I found another great book, with an interesting story behind it
Peter W. Singer is a strategist and a senior fellow at the New America Foundation, was formerly the youngest fellow at the Brookings Institute, along with many other interesting credentials. He founded NeoLuddite (I love the name), a technology advisory firm, and has written a number of books, including Corporate Warriors: The Rise of the Privatized Military Industry, and Children at War, which explores the use of children-soldiers. Mr. Singer consults for policy makers on these and other important issues.
However, Mr. Singer believed that such information was not getting the attention it needed, so he decided to team up with another writer and present his ideas via a technothriller a la Tom Clancy. The result is Ghost Fleet: A Novel of the Next World War. I downloaded the eBook to my Kindle Tuesday morning. By Wednesday evening, interrupted by a 600+ mile drive and a college campus tour with my son, I had finished the book. Here are a few highlights.
The United States and China are strong trading partners, every bit as strong as Germany and Great Britain in 1910. Relations between China and Russia are tense. From America’s viewpoint, things look fine (and quite familiar) until the Russian cosmonauts lock the American astronaut outside the International Space Station. The Chinese have, by this time, orbited their own space station and have covertly installed weaponry. They destroy key American satellites.

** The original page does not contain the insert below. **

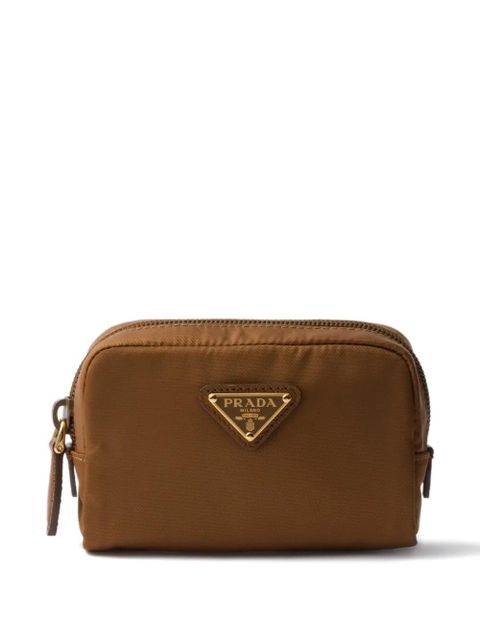 Prada zip logo micro make up bags - Brown - zdjęcie produktu nr 1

We’re suddenly at war, and it’s obvious that the Chinese have seriously studied our past to avoid the mistakes made by others; their attack on Pearl Harbor is much better executed and totally successful. The relationship between Russia and China is not tense, but instead they have formed an alliance to allow China and Russia to recapture their positions of power.
The Chinese have one significant advantage–almost every high tech American weapons platform has Chinese manufactured electronics, either because we allowed it, or in some cases because sub-sub-contractors substituted cheaper Chinese components for those specified. Embedded malware in the components renders most of our weapons unreliable if not totally useless. America no longer has the manufacturing base it did in the Second World War, and what capacity it does have has substantial foreign ownership interested in return on investment, not America’s survival.
Our only option is to drag out the old ships in the West Coast “ghost fleet;” obsolete vessels awaiting sale for scrap and some experimental that didn’t quite work out. Similarly, planes stored in the Air Force’s desert boneyard are pieced together, scavenging from several to get one aircraft reasonably operational. Kind of like the “hillbilly upgrades” soldiers did to Humvees in Iraq and Afghanistan. It’s a desperate move, but these has-beens and never-weres all predate the use of Chinese components.
Oh, and you’ll never guess how Wal-Mart figures into the story.
The book is a wonderful mix of scary fact and intriguing fiction with interesting characters. It is truly difficult to put down.
If you liked “The Martian,” you’ll love this.